Belated Beltane Feast

Oatcakes on a wood table

According to Mother Earth Living, “Ancient Celts ate and drank heartily during their traditional fire festival on the eve of May Day, which celebrated the return of the light half of the year. From the fulachta fiaolha (cooking pits of the Celtic tribes), this feast features organic flavors of the wild, with foods gathered from the seas, the forests, and the meadows.”
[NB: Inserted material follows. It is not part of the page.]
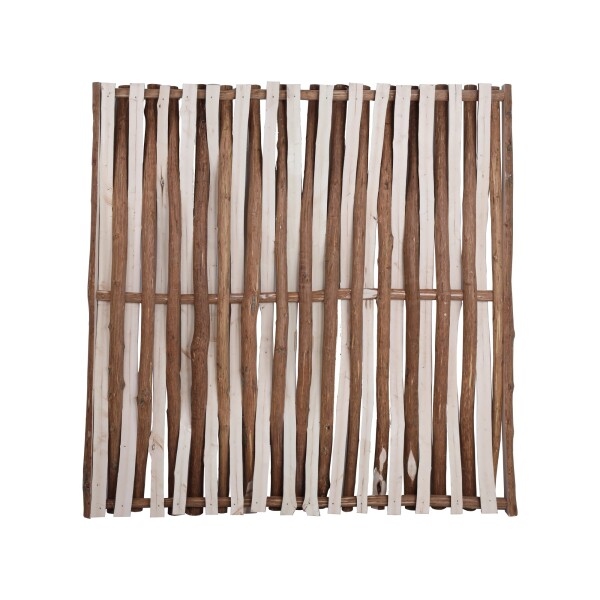 PACO-Serie, 180 x 180 cm, aus Halblatten mit seitlichem Rahmen, naturbelassendekorativer Sichtschutz aus Haselnussruten, unbehandeltes Holz,  Art.-Nr.: T&J-28451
Smithsonian tells us about a Beltane cake, which doesn’t sound like as much fun as a king cake—for the person who received this blackened piece as described in the 1922 book The Golden Bough, by Sir James George Frazer:

Towards the close of the entertainment, the person who officiated as master of the feast produced a large cake baked with eggs and scalloped round the edge, called am bonnach bea-tinei.e., the Beltane cake. It was divided into a number of pieces, and distributed in great form to the company. There was one particular piece which whoever got was called cailleach beal-tinei.e., the Beltane carline, a term of great reproach. Upon his being known, part of the company laid hold of him and made a show of putting him into the fire; but the majority interposing, he was rescued. And in some places they laid him flat on the ground, making as if they would quarter him. Afterwards, he was pelted with egg-shells, and retained the odious appellation during the whole year. And while the feast was fresh in people’s memory, they affected to speak of the cailleach beal-tine as dead.

While Beltane is not a Thelemic holiday or feast per se, it seems appropriate to enjoy revelry and celebration honoring sacred sexuality and the return of Spring. Why not feast on some of the recipes here? Some provide an opportunity to forage for native plants as Br. Kim M. has described online recently.

Stephanie

One Comment

  1. Bannocks also show up in a Scottish Bealtain tradition in which the broken bread is thrown beyond the edges of ones property while walking its perimeter as a way of keeping out the less beneficial local spirits who had sway in winter but now must accept their bread as payment to stay away through Summer.